Я совершенно не знал офицеров полка и только на остановках начал с ними знакомиться. Ехали мы в товарном вагоне. У вагонов проходили местные жители и предлагали на продажу ведрами очень дешево соль. Мой ординарец по имени Юрка купил за мои деньги несколько ведер по пять рублей и высыпал ее в углу, а через пару дней поменял ее на замечательные яблоки в Алма-Ате. Ходили и нищие вдоль вагонов и просились проехать с нами до Алма-Аты и далее, но все это запрещалось. Среди попрошаек я увидел одну молодую женщину, совсем не похожую на местных раскосых аборигенок. На руках у нее был грудной ребенок. Она была истощенной, одета в сильно потрепанную, когда-то модную шерстяную кофту.
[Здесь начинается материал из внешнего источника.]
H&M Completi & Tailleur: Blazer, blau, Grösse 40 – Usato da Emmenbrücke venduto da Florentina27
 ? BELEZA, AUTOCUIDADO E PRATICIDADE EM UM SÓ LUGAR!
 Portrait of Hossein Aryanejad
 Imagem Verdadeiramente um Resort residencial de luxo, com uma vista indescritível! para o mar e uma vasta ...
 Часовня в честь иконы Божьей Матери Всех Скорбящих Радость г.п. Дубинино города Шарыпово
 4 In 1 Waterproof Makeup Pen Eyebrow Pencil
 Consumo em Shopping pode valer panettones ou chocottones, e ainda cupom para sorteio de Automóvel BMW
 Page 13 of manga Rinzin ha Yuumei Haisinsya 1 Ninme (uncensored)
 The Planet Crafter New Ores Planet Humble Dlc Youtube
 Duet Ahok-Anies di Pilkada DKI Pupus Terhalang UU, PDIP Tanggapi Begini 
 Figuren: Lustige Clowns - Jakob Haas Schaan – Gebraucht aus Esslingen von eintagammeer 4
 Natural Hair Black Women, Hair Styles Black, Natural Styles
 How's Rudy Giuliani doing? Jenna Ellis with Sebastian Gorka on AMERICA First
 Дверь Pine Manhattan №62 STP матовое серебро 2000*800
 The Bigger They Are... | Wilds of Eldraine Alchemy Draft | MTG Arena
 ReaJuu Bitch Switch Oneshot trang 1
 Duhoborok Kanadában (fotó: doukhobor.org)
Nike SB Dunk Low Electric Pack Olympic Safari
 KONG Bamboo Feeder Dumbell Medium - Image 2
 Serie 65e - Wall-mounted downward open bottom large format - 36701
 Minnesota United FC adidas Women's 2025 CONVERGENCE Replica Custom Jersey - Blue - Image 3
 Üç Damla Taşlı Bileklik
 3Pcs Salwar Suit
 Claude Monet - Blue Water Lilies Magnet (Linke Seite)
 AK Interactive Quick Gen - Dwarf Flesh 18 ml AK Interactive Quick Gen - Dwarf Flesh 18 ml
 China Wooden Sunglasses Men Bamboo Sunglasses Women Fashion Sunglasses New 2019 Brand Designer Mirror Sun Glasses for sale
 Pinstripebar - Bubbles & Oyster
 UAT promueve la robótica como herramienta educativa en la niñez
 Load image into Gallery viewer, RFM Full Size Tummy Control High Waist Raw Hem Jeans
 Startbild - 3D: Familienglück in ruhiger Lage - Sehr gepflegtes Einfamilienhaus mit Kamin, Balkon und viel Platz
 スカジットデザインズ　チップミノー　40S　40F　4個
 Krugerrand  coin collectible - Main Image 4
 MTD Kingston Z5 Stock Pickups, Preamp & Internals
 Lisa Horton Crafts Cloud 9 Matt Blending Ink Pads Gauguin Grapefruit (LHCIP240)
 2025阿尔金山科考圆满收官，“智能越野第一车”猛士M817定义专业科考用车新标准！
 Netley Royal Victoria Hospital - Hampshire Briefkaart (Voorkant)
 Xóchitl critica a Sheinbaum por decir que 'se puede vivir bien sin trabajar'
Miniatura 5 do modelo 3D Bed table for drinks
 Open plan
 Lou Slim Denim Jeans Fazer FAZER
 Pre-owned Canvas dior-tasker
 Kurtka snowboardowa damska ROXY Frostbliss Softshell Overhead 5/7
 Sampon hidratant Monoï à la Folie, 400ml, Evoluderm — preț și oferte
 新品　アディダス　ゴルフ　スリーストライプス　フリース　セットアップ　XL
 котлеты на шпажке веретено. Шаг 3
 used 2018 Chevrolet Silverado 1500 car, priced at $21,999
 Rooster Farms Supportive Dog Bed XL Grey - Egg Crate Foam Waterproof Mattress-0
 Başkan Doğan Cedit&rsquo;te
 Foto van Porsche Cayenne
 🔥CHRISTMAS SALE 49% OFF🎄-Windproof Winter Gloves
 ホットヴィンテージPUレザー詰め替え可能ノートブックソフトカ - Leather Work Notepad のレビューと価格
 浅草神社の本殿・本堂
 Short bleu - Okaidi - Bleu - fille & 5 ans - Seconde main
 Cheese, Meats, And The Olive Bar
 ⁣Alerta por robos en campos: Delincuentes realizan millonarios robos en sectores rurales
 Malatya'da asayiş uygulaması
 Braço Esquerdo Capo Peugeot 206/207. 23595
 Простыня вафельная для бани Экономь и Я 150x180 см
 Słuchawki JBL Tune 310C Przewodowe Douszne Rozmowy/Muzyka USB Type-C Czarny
Поразила меня и ее золотая коронка зуба, явно предназначавшаяся для украшения, Она просила хлеба или сухарей для грудного малыша. Я велел Юрке дать ей несколько сухарей и спросил, откуда она, так как ее красивая внешность выдавала, скорее всего, горянку с Кавказа, о чем я ей и сказал прямо. Она ответила утвердительно, что она карачаевка с Кавказа. В эти края их всех выселили поголовно на вымирание. ( Если следовать логике Александра Захаровича, то всех русских выселили для процветания в окопы, и пока они процветали и здравствовали в атаках на немецкие пулеметы, бедные чеченцы, карачаевцы и немцы страдали в тылу. (Мухин Ю.И.))
Я назвался ее земляком, она спросила, какой я станицы, я назвал, и она заплакала, так как она не раз в ней бывала в довоенное время. Мне стало жаль ее и ребенка. Она сообщила о том, что здесь похоронила отца, умершего от голода, и мать находится при смерти. Глядя на нее, вполне можно было поверить ее словам. Я попросил ее подождать, а ординарца Юрия послал в вагон с продовольствием, чтобы помощник командира полка по снабжению отпустил круп, муки и сухарей по объему солдатского вещевого мешка. Я попросил Юру помочь отнести этот мешок до их стоянки в конце кишлака. Она много раз оглядывалась, глазами, полными слез, благодарила, и даже не находила слов, какими можно было высказать благодарность за такую неожиданную помощь.
Примерно часом позднее к нашему вагону подбежал капитан, замполит 2-го батальона, и начал меня умолять, чтобы я отпустил его на несколько дней разыскать и навестить здесь умирающих родителей и после догнать эшелон скорым поездом. Я догадался, что он тоже мой земляк, в суете не вскрытый соответствующими органами и не отстраненный от должности. Я выдал ему отпускной билет на неделю и хотел написать записку об отпуске продуктов, но он ответил, что возьмет их из батальонных продуктовых трофейных запасов.
Догнал он эшелон уже на Турксибе и рассказал о трагедии их народа, подвергшегося стопроцентной депортации, и о высылке чеченцев, ингушей, балкарцев, калмыков, крымских татар, немцев Поволжья и других народностей якобы за сотрудничество с оккупантами. Я по опыту понимал, что отдельные личности могли пойти на это, но чтобы карать полностью нацию — это мне казалось невероятным и несправедливым. Мой земляк сказал, что с прибытием на место выгрузки и ему уготовлена такая же участь.